The ability to relieve the suffering and right the wrongs others have done in their lives is a true privilege.  They bless us by accepting our help and our love.  I am not saying that God allows suffering only to bless us, because there is such a thing as free will.  If someone wants to take their free will and use it to starve and beat an animal God can not do a thing about it.  That person is exercising his free will.  But if I use mine to take that animal and heal it, when I ask for Gods help, he can get right in the middle of that situation and make miracles happen! 

As I have said before, when I started fostering I vowed to do what was needed, not just what was easy.  Not just what wouldn’t interrupt my life or inconvenience me.  Our society has become a bunch of big, fat, lazy, selfish people.  It is harder to find anyone these days with a strong work ethic or even any self-discipline.  Everything is about the right to do what you want when you want.  Well not for me.

Let's Go For A Ride!

A life lived solely for your own pleasure is a useless and wasted life (insert a picture of Kim Kardashian or Paris Hilton here).  A life lived in service of others is noble, worthwhile, and grand.  Everyone can’t bring animals into their homes like I do perhaps, maybe due to allergies, but everyone can do something.  Find out what your something is. 

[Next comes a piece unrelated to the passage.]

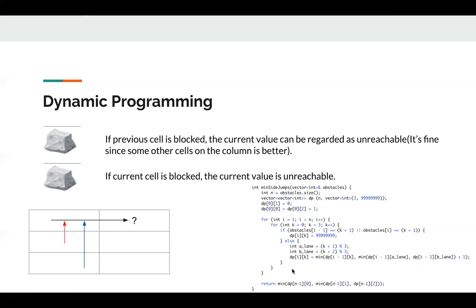Finally, we just return the minimum of dp[n-1][0], n-1][1], and [n-1][2]. That's it. See you next time.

Pray, help, give, care.  Ask God to enter into the situations that others create by misusing their free will and he will do right by you every time.  Yes, sometimes it will hurt.  But it is what is best.  Those two puppies were sick and weak and had they lived it may have been a life of suffering and very poor quality.  I miss them both, but they are happy and healthy and whole now.  I won’t question the compassion of that action – God taking them to be with him.  After all, who better could you find to adopt your pup than God?!


1 Comment (+add yours?)

  1. feyaia
    Jan 02, 2012 @ 18:16:21

    Just to add to the ‘Prequel’; Linda and I were at the Abilene Animal Shelter the day Snowy was surrendered. That was a good thing because a surrender allows the dog to be adopted right away instead of having to wait that day and two business days. We decided that she would Not have those puppies at the Pound. Linda bailed her out and I took her home. She got on well with my other Chihuahuas. I took her the next day to RTA to get an idea how far into her term she was. They gave her the 4-way shots and thought she would give birth in 2 to 4 weeks. Two days later, I went to Fort Worth for the first week of my training for my new job. That Friday, I got a text from my wife: “We Have Puppies!” I was given the weekend off so I came home to Snowy and pups. One male, 3 females. Born way early, I knew that I needed help as my wife works a full time with massive overtime job. Colleen to the Rescue! Sadly, the male puppy became sickly. Although allowing him to nurse, Snowy separated him from the others and even though I carried him around in my shirt pocket to keep him warm, he passed away. Colleen stepped forward to help way and above and beyond! Springing Snowy and all the trials Coleen has been through, even though we are down to one pup, it’s a certainty that none would have survived if she had stayed at the pound. Everyone pulled together to make a miracle happen. A foundation of Caring has been laid. I’m hoping that we can build on it.